[Source data]
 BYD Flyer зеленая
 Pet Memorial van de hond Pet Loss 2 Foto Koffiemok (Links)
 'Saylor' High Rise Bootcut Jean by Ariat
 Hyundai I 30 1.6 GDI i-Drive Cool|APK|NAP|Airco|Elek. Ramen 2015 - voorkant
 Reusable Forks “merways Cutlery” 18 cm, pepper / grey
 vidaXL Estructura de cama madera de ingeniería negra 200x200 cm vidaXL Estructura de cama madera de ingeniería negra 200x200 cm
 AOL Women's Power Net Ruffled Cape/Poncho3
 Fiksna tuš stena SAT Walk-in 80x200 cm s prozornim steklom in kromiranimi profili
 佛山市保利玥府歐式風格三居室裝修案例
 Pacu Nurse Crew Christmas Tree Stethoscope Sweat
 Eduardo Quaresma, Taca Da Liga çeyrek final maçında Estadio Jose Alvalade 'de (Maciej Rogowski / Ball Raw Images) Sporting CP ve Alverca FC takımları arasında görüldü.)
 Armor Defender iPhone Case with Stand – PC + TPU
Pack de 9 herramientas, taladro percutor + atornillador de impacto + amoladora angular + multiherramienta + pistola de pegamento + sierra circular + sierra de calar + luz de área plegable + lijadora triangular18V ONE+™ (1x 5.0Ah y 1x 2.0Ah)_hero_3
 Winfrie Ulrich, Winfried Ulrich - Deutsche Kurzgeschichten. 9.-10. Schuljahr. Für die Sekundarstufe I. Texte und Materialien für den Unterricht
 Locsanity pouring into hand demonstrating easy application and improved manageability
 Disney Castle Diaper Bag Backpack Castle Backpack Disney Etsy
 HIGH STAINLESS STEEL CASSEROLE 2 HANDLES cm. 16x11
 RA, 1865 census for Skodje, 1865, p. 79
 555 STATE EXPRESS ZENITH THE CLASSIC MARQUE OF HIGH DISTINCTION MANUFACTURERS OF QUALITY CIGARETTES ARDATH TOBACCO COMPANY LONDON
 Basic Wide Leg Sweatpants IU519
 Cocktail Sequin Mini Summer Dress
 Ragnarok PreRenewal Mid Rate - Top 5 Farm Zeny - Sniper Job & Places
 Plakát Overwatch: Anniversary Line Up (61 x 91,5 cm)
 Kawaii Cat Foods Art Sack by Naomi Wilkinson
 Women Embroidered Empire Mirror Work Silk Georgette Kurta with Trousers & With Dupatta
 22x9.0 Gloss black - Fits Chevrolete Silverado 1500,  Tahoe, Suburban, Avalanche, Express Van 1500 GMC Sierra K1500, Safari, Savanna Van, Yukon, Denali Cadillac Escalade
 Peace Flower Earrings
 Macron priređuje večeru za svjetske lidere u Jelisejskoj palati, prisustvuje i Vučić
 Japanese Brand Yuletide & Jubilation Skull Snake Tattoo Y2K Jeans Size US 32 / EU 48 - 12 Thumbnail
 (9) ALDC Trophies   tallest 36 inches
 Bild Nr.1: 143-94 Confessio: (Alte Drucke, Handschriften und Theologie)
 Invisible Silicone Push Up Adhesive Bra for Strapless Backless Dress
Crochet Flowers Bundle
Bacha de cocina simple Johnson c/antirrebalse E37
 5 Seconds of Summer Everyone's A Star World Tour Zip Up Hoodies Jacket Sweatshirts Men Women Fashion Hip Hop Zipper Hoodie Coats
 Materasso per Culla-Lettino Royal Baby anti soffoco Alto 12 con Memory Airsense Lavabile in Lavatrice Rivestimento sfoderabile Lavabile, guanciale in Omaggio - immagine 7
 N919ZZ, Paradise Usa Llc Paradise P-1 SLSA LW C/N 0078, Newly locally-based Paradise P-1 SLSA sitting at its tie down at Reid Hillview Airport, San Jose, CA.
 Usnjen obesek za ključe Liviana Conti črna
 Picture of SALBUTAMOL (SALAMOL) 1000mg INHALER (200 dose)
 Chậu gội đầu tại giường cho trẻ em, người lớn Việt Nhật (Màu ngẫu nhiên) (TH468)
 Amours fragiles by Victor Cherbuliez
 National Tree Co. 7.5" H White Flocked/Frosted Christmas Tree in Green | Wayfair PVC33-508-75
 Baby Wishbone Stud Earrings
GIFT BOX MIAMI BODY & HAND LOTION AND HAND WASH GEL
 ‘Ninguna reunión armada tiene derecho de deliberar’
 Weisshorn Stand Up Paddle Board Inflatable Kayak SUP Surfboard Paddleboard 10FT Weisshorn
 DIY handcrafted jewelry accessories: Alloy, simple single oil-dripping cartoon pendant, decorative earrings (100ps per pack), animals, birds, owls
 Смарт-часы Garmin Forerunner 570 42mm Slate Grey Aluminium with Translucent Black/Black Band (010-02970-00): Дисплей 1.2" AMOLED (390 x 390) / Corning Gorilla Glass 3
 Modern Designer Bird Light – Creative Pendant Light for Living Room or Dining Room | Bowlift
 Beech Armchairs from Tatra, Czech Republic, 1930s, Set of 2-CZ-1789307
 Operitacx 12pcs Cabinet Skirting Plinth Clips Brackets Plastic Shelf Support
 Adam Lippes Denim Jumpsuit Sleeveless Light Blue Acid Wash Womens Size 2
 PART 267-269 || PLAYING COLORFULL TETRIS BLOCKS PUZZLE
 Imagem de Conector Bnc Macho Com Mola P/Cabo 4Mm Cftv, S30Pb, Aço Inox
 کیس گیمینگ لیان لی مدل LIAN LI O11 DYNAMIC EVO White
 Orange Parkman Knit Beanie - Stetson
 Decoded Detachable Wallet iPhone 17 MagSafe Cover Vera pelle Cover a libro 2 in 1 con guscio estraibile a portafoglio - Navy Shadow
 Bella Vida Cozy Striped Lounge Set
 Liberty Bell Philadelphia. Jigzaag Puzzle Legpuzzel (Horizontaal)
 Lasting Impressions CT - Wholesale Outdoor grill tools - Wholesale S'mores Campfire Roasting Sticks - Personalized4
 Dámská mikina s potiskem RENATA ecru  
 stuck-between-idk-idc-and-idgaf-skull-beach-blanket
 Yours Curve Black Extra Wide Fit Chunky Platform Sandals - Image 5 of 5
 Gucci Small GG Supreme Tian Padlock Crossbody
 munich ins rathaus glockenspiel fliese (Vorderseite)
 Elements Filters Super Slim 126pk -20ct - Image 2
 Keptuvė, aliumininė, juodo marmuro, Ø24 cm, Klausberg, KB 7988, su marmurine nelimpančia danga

■ **TASK REQUIREMENTS**: Above are the records; repeat exactly the lines from the one holding "Winfrie Ulrich, Winfried" down to the one holding "RA, 1865 census for Skodje, 1865, p. 79", end lines included.

■ **RESULT FOR THIS EXERCISE**:
 Winfrie Ulrich, Winfried Ulrich - Deutsche Kurzgeschichten. 9.-10. Schuljahr. Für die Sekundarstufe I. Texte und Materialien für den Unterricht
 Locsanity pouring into hand demonstrating easy application and improved manageability
 Disney Castle Diaper Bag Backpack Castle Backpack Disney Etsy
 HIGH STAINLESS STEEL CASSEROLE 2 HANDLES cm. 16x11
 RA, 1865 census for Skodje, 1865, p. 79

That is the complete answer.